Comment by sleepless_near_seattle
2012-08-21 14:50:10

No worries. After I hit ‘Add Comment’ I thought I should have included the “if it’s not intrusive” qualifier.

 
 
 
 
 
Comment by cactus
2012-08-21 11:14:12

warning shot

“Warren Buffett’s Berkshire Hathaway ended its five-year bullish bet on the municipal bond market, disclosing in a recent quarterly filing that the Ohama, Neb., company canceled $8.25 billion worth of credit-default swaps that insured its muni-bond market wager, The Wall Street Journal reports. The Journal said it was unclear whether Buffett’s decision resulted in a profit or a loss and the 81-year-old Buffett declined to comment about the early termination of the contracts.

Does Warren Buffett’s exit from the municipal bond market portend more financial hardships for struggling U.S. states and cities?

Buffett’s move may very well signal his fear that more cash-strapped cities, states and municipalities will default on their debt, as The Daily Ticker’s Aaron Task and Henry Blodget discuss in the accompanying video. Local authorities have been making severe budget cuts (affecting both personnel and services) over the past two years to stave off bankruptcy but many are still short on funds.

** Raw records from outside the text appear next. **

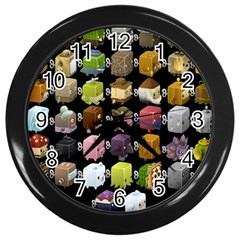 Glitch Glitchen Npc Cubimals Pattern Wall Clock (black) by WetdryvacsLair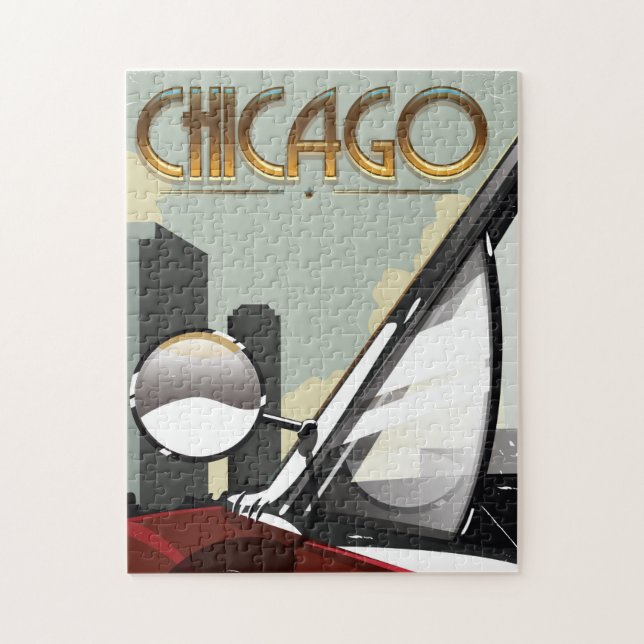 Puzzle Póster vintage de viaje a Chicago Illinois (Vertical)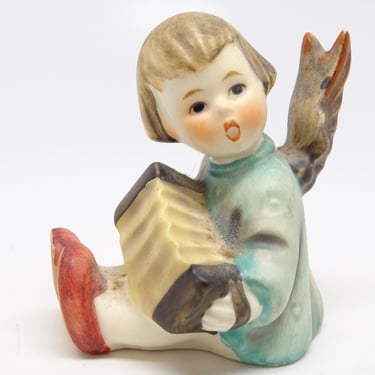 Vintage Hummel Angel With Accordion #139/0 Candle Holder, Goebel W. Germany, Hand Painted for Nativity 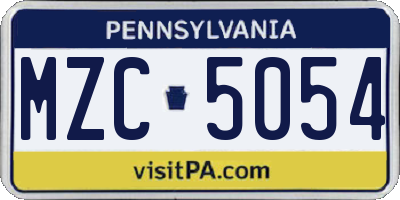 PA license plate MZC5054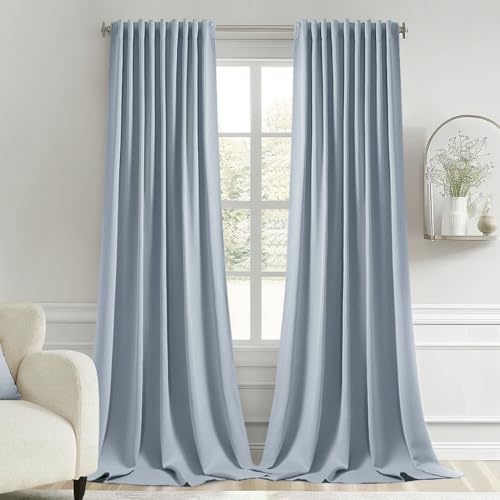 Light Blue Back Tab Blackout Curtains 52x108 Inch Long 2 Panels Set (2 Count)
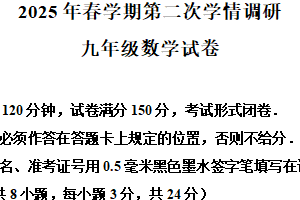 2025年江苏省盐城市盐都区中考二模数学试卷（含解析）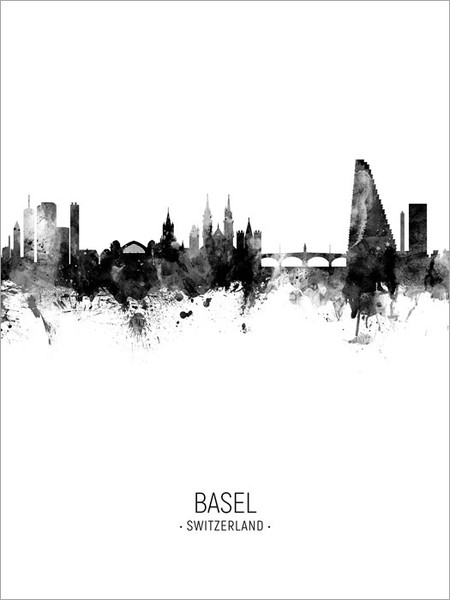 Basel Switzerland Skyline Cityscape Poster Art Print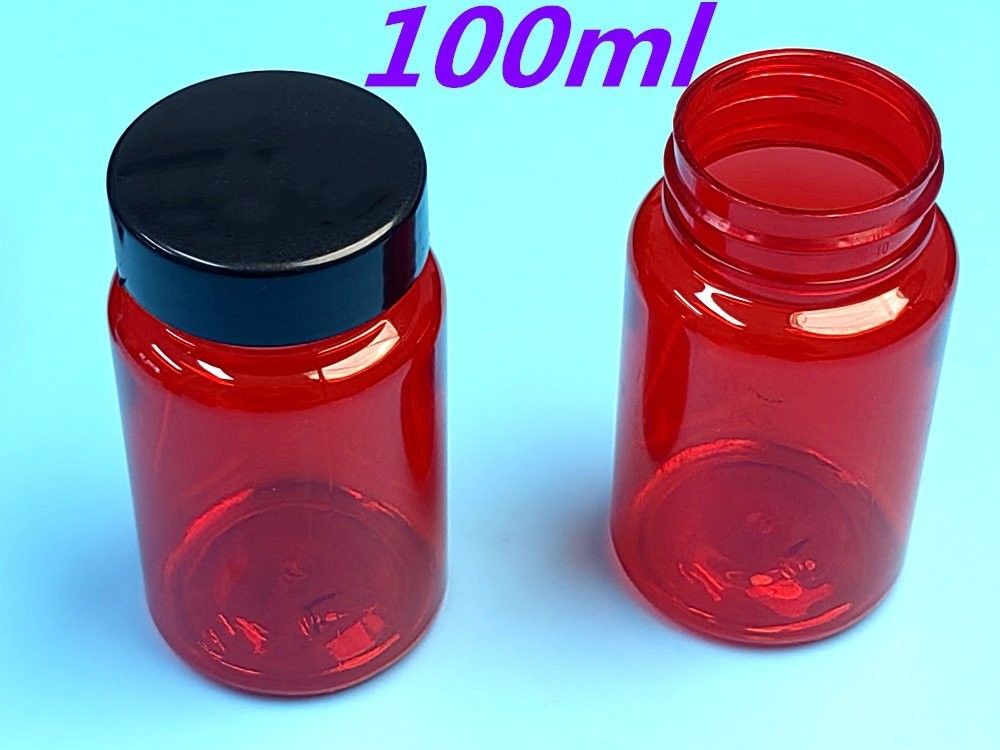 PET Plastic Rood 100ml 150ml Vaste geneesmiddelenfles Capsule Pillenfles Verpakkingscontainer Gezondheidszorg Supplement Fles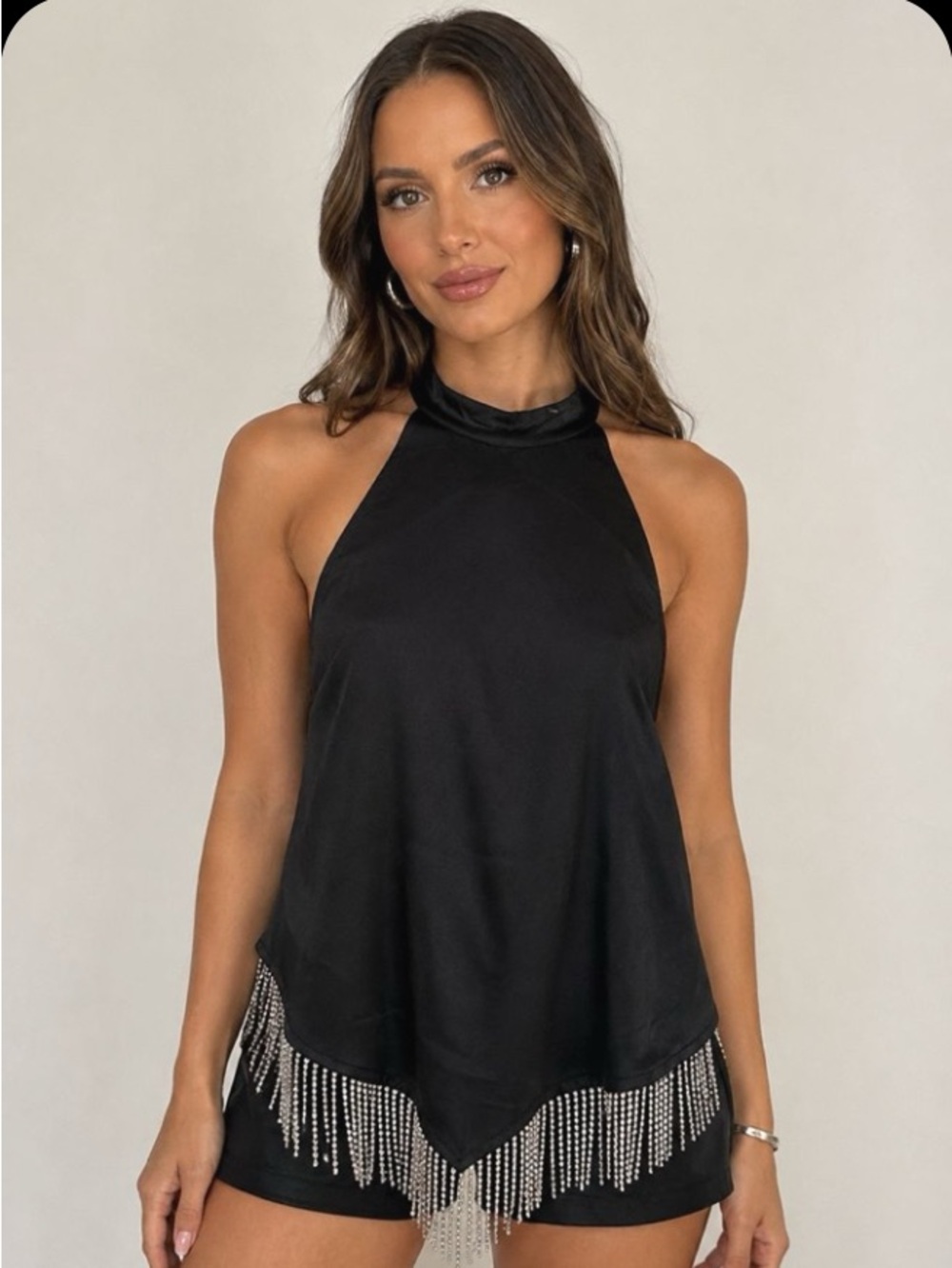 Black Halter Tank Top with Rhinestone Fringe by Blue P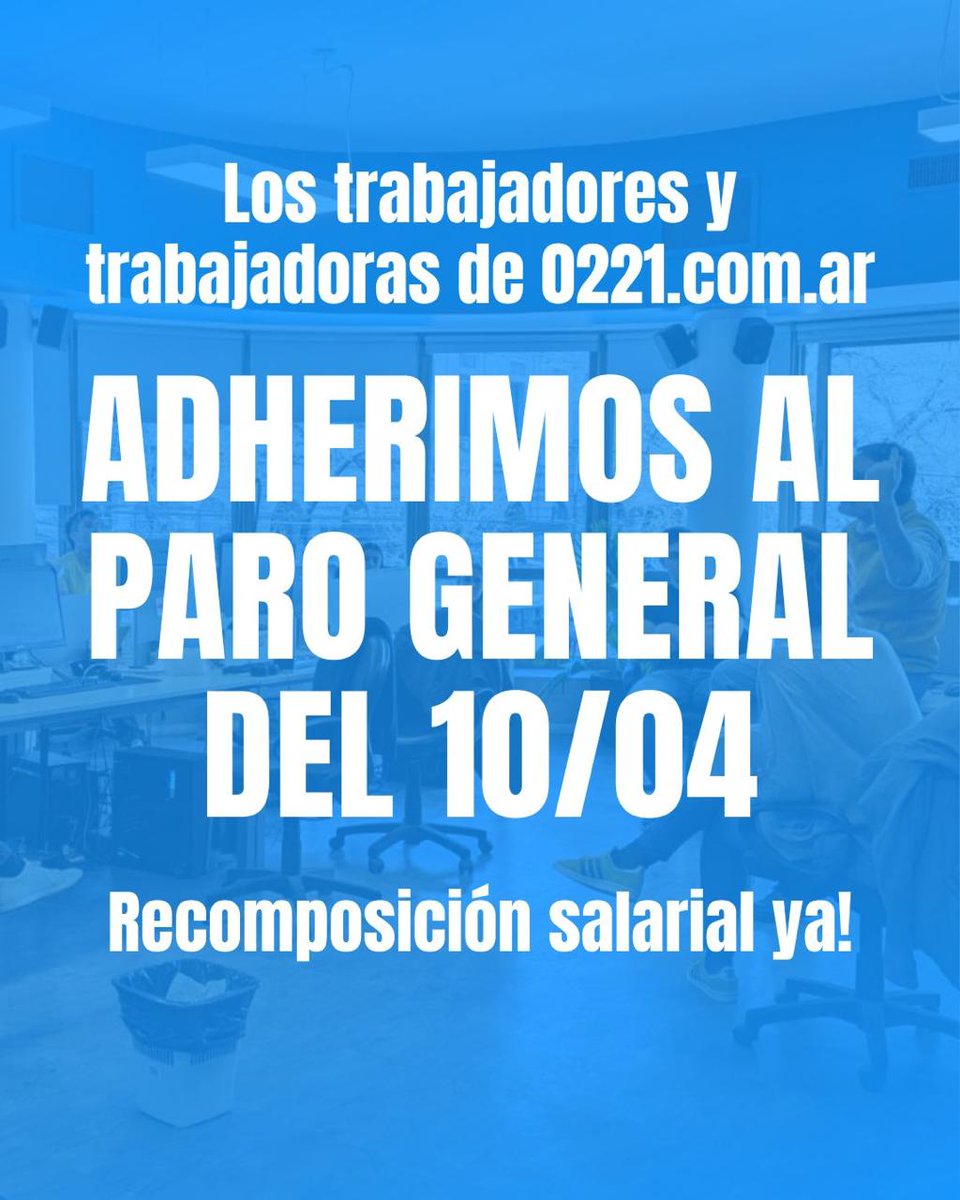 Periodistas0221's tweet photo. LOS TRABAJADORES Y TRABAJADORAS DE @0221comar ADHERIMOS AL PARO 📣

Luego de la asamblea realizada el último martes, los trabajadores y trabajadoras decidimos adherir al paro general convocado para este jueves 10/04.

#RecomposicionSalarialYA https://t.co/BdQoYkauPw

Investors though have taken a positive outlook on the $3.7 trillion municipal market, pouring $964 million into municipal-bond mutual funds last week — the 18 the straight week of inflows. Investor appetite may be stronger for municipal debt than U.S. government bonds, but the tide could be changing after the Berkshire Hathaway disclosure.

 
Comment by Salinasron
2012-08-21 11:15:39

I was never laid off or without a job. I always had standing offers to change employment at any time. I read about the downturns in the economy but never felt them. Lucky, right place, right time, right skills.

Comment by In Colorado
2012-08-21 11:43:20

I had the right skills, so I was able to find new jobs within weeks of being laid off (twice in the past 12 years).

The first one was a real miracle as I was laid of days before 9/11. Talk about getting doors slammed in you face. Fortunately a friend helped me get a job. It was the crappiest job I ever had and paid 20% less than my old job. Clawing back and regaining that lost 20% was the hardest thing I’ve ever done. More often than not there were no pay increases. I was back to where I was before when HP cut every one’s pay and then fired up the layoff machine.

It’s been fun.

Comment by Bad Andy
2012-08-21 12:20:00

The last time I was “jobless” I wasn’t actually jobless. The paychecks just stopped coming in. At that point it becomes very easy to make the decision to go into business. You also learn to live a very low overhead lifestyle both personally and in your business.

 
 
 
Comment by Professor Bear
2012-08-21 11:15:57

marketwatch dot com
Market gains may hurt the case for QE3
August 21, 2012, 12:24 PM

One of the reasons stocks have recovered from their June lows to multi-year highs is the expectation that the Federal Reserve will do something big – like a third round of quantitative easing – to boost growth, thereby supporting equities.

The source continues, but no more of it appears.